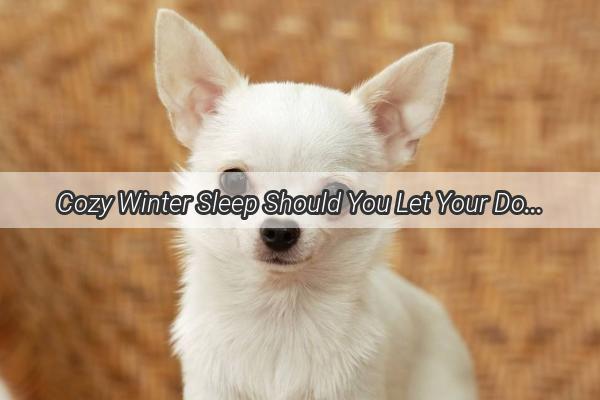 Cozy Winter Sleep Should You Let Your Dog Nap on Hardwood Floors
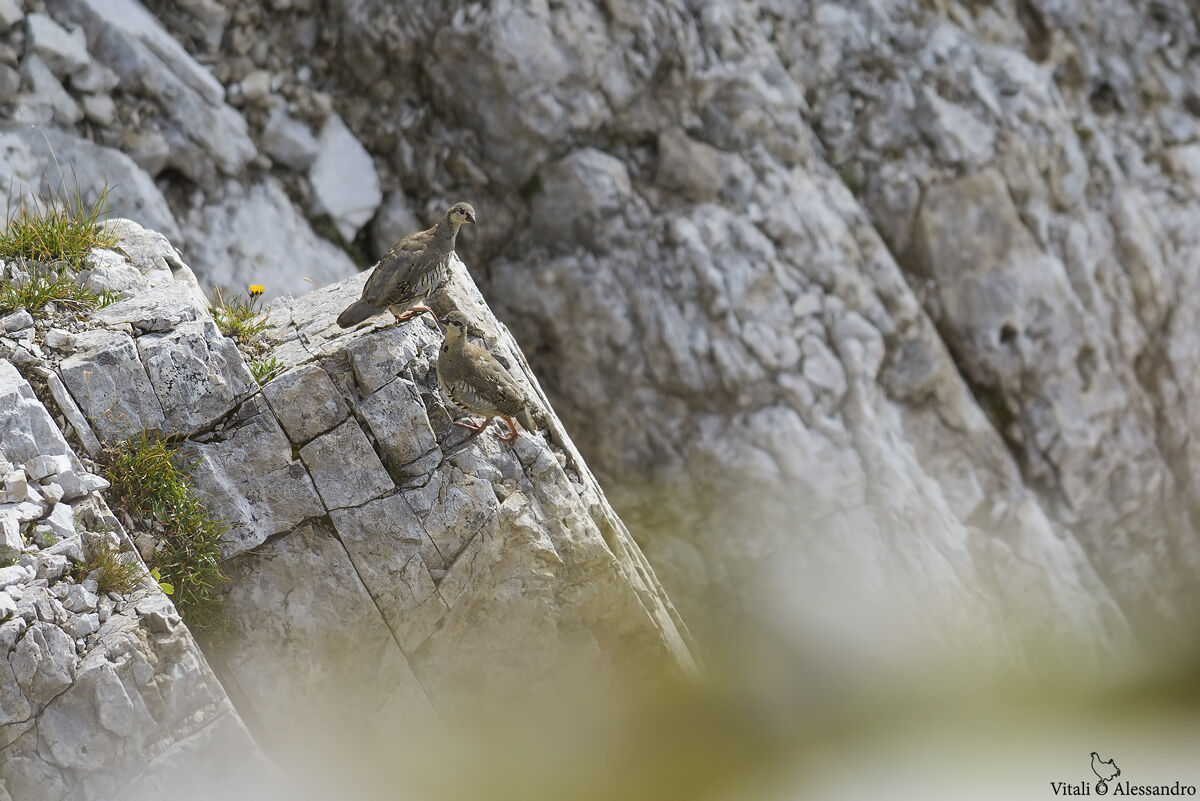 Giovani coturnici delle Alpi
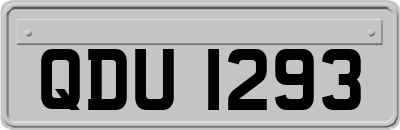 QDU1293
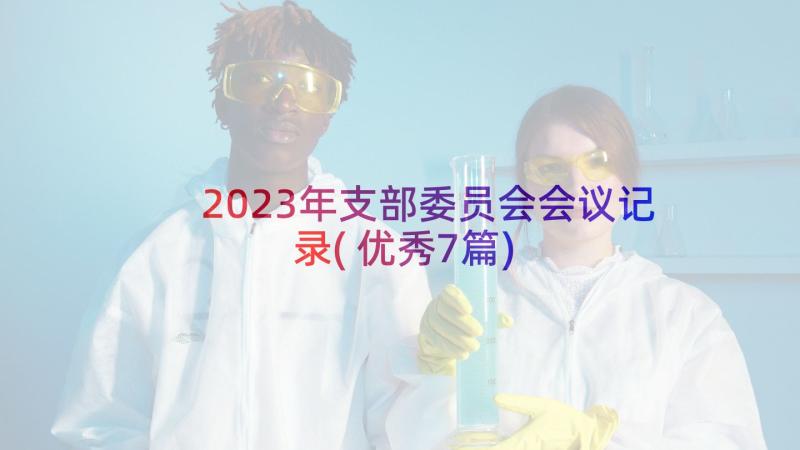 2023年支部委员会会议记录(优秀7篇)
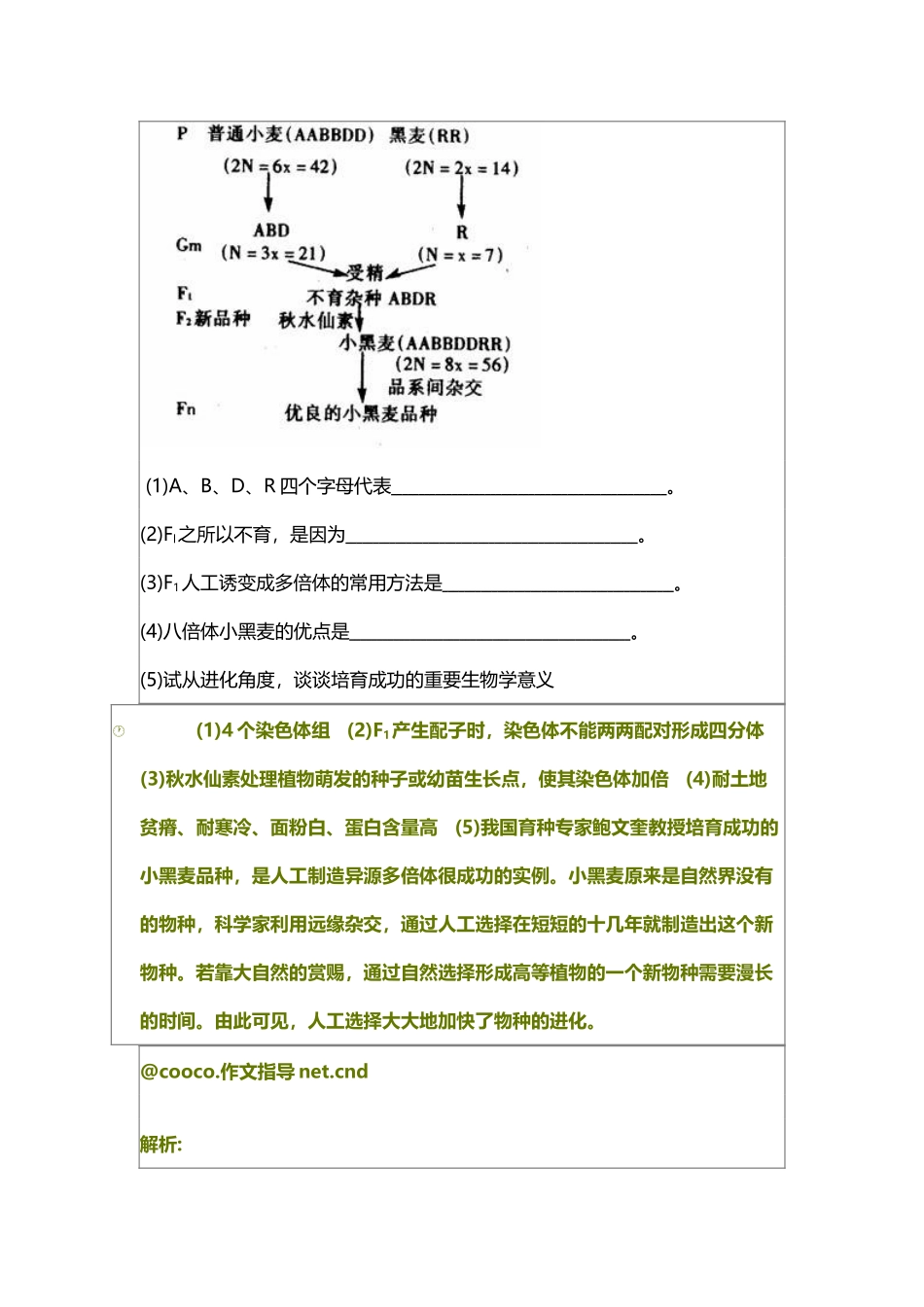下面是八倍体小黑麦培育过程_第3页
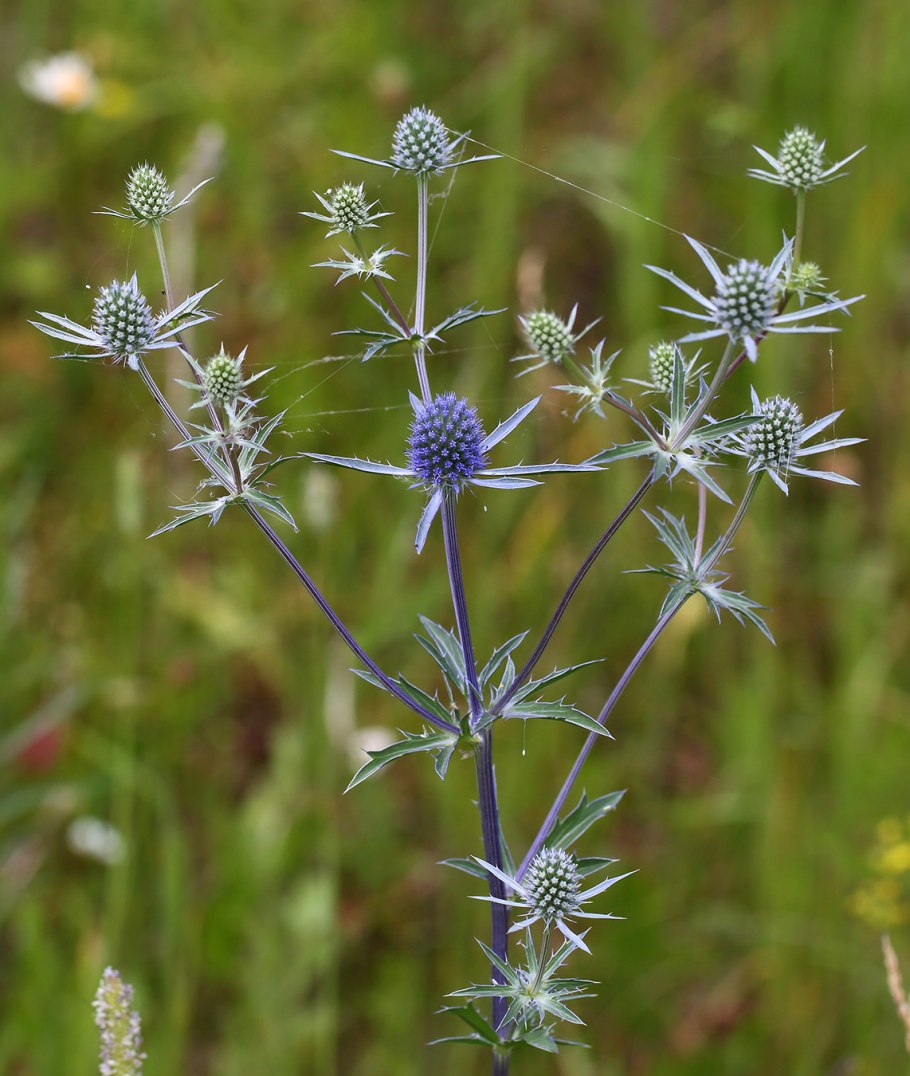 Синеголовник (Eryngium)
────────
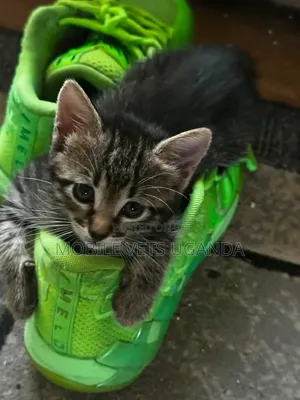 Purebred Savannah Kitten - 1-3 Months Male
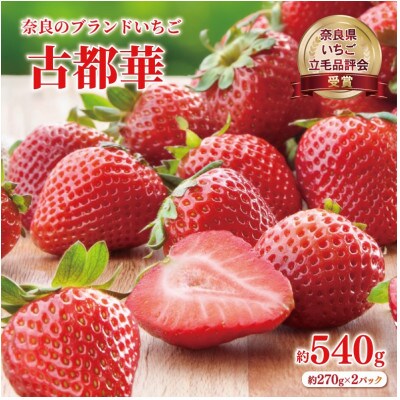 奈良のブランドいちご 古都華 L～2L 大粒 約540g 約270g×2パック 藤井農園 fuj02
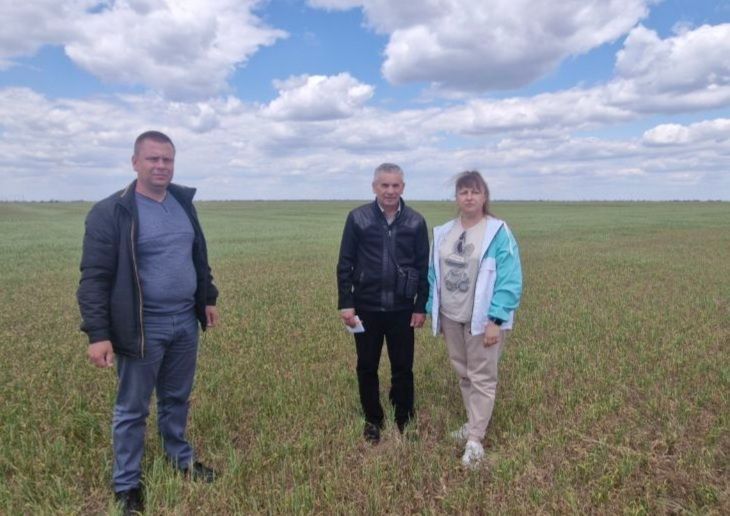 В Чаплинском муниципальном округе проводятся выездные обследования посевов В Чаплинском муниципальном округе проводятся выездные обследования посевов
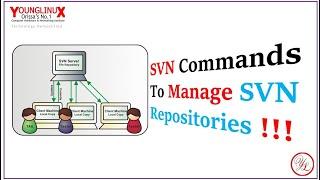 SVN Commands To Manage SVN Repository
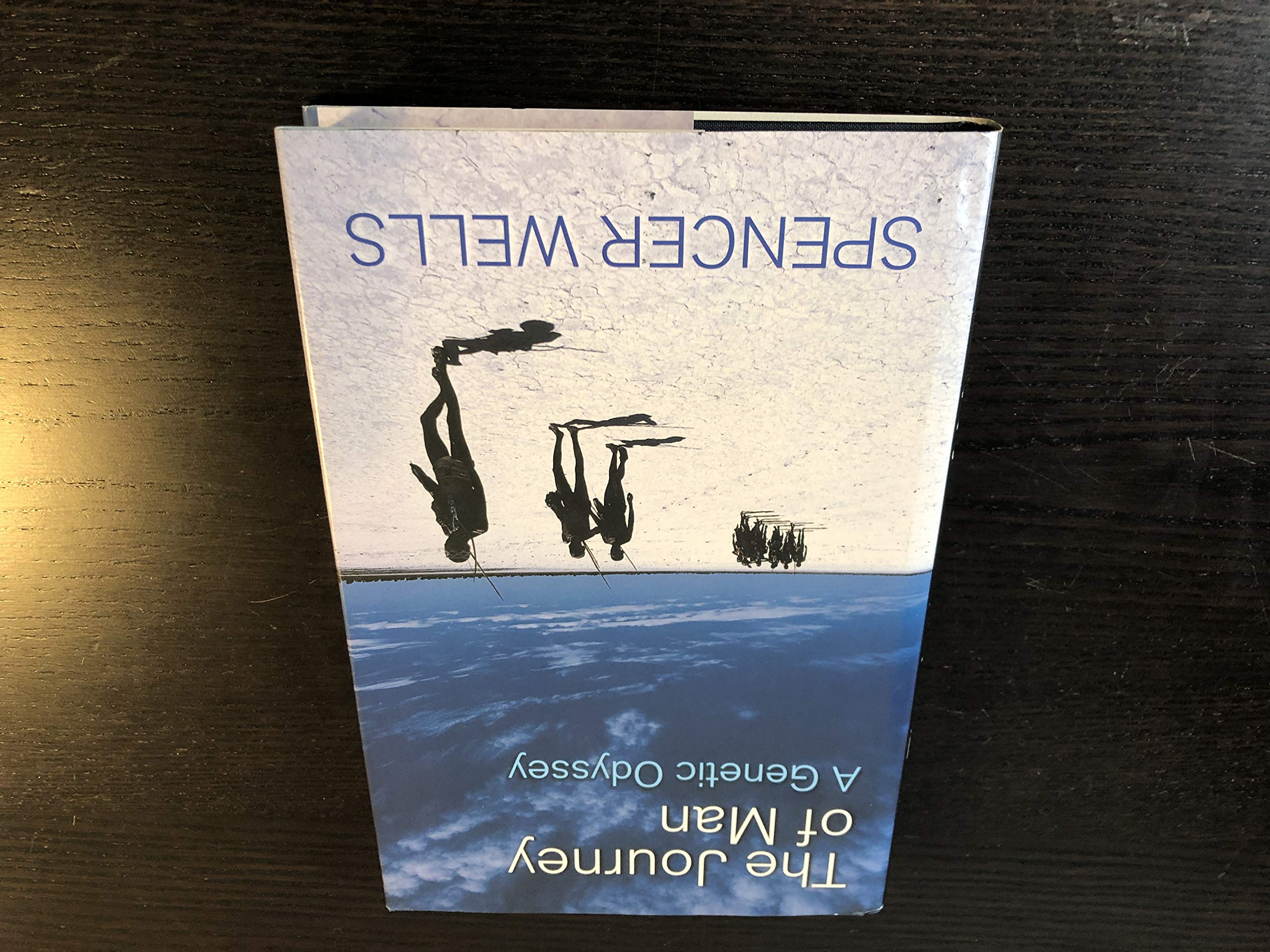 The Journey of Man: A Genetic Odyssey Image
────────
Work instructions - Repeat exactly the stretch of the listing above that starts with the line holding "Purebred Savannah Kitten - 1-3 Months Male" and finishes with the line holding "The Journey of Man: A Genetic Odyssey Image", both included. Skip every picture.

Solution to the problem -
 Purebred Savannah Kitten - 1-3 Months Male
 奈良のブランドいちご 古都華 L～2L 大粒 約540g 約270g×2パック 藤井農園 fuj02
 В Чаплинском муниципальном округе проводятся выездные обследования посевов В Чаплинском муниципальном округе проводятся выездные обследования посевов
 SVN Commands To Manage SVN Repository
 The Journey of Man: A Genetic Odyssey Image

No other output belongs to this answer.